Computes a nonparametric estimate of the intensity of a point process on a linear network, as a function of a (continuous) spatial covariate.

## Usage

 ``` 1 2 3 4 5 6 7 8 9 10 11 12 13 14 15 16 17 18 19 20 21 22 23``` ```## S3 method for class 'lpp' rhohat(object, covariate, ..., weights=NULL, method=c("ratio", "reweight", "transform"), horvitz=FALSE, smoother=c("kernel", "local", "decreasing", "increasing", "piecewise"), subset=NULL, nd=1000, eps=NULL, random=TRUE, n = 512, bw = "nrd0", adjust=1, from = NULL, to = NULL, bwref=bw, covname, confidence=0.95, positiveCI, breaks=NULL) ## S3 method for class 'lppm' rhohat(object, covariate, ..., weights=NULL, method=c("ratio", "reweight", "transform"), horvitz=FALSE, smoother=c("kernel", "local", "decreasing", "increasing", "piecewise"), subset=NULL, nd=1000, eps=NULL, random=TRUE, n = 512, bw = "nrd0", adjust=1, from = NULL, to = NULL, bwref=bw, covname, confidence=0.95, positiveCI, breaks=NULL) ```

## Arguments

 `object` A point pattern on a linear network (object of class `"lpp"`), or a fitted point process model on a linear network (object of class `"lppm"`). `covariate` Either a `function(x,y)` or a pixel image (object of class `"im"` or `"linim"`) providing the values of the covariate at any location.
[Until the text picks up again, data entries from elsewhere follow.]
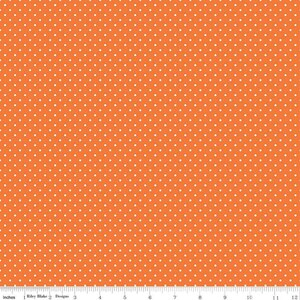 May include: A vibrant orange fabric featuring a repeating pattern of small white polka dots. A white ruler is visible at the bottom edge, showing a scale of 12 inches, with the text Riley Blake Designs printed near the left side.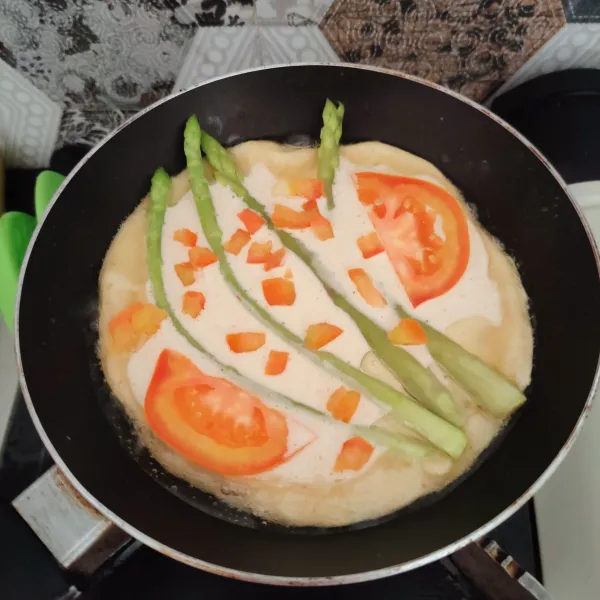 Siapkan pan anti lengket beri minyak, panaskan sebentar kemudian masukan adonan, tambahkan asparagus dan tomat.
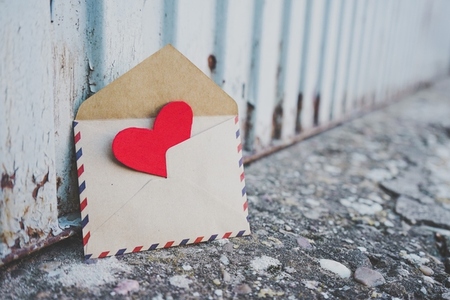 Little red hearts inside of an old envelope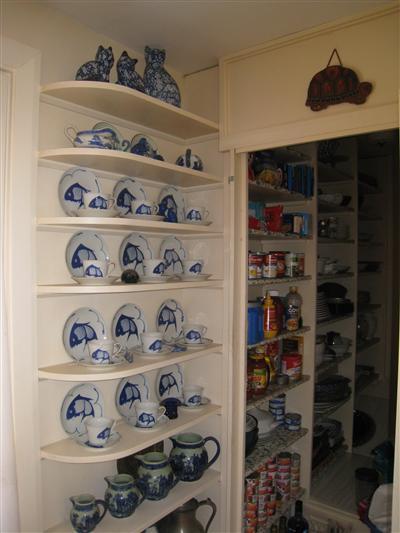 6 Shell Lane Orleans, MA 02653 - Photo 10 of 17 a shelf with books and knick knacks on it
Alternatively one of the strings `"x"` or `"y"` signifying the Cartesian coordinates. `weights` Optional weights attached to the data points. Either a numeric vector of weights for each data point, or a pixel image (object of class `"im"`) or a `function(x,y)` providing the weights. `method` Character string determining the smoothing method. See Details. `horvitz` Logical value indicating whether to use Horvitz-Thompson weights. See Details. `smoother` Character string determining the smoothing algorithm. See Details. `subset` Optional. A spatial window (object of class `"owin"`) specifying a subset of the data, from which the estimate should be calculated. `eps,nd,random` Arguments controlling the pixel resolution at which the covariate will be evaluated. See Details. `bw` Smoothing bandwidth or bandwidth rule (passed to `density.default`). `adjust` Smoothing bandwidth adjustment factor (passed to `density.default`). `n, from, to` Arguments passed to `density.default` to control the number and range of values at which the function will be estimated. `bwref` Optional. An alternative value of `bw` to use when smoothing the reference density (the density of the covariate values observed at all locations in the window). `...` Additional arguments passed to `density.default` or `locfit::locfit`. `covname` Optional. Character string to use as the name of the covariate. `confidence` Confidence level for confidence intervals. A number between 0 and 1. `positiveCI` Logical value. If `TRUE`, confidence limits are always positive numbers; if `FALSE`, the lower limit of the confidence interval may sometimes be negative. Default is `FALSE` if `smoother="kernel"` and `TRUE` if `smoother="local"`. See Details. `breaks` Breakpoints for the piecewise-constant function computed when `smoother='piecewise'`. Either a vector of numeric values specifying the breakpoints, or a single integer specifying the number of equally-spaced breakpoints. There is a sensible default.

## Details

This command estimates the relationship between point process intensity and a given spatial covariate. Such a relationship is sometimes called a resource selection function (if the points are organisms and the covariate is a descriptor of habitat) or a prospectivity index (if the points are mineral deposits and the covariate is a geological variable). This command uses nonparametric methods which do not assume a particular form for the relationship.

If `object` is a point pattern, and `baseline` is missing or null, this command assumes that `object` is a realisation of a point process with intensity function lambda(u) of the form

lambda(u) = rho(Z(u))

where Z is the spatial covariate function given by `covariate`, and rho(z) is the resource selection function or prospectivity index. A nonparametric estimator of the function rho(z) is computed.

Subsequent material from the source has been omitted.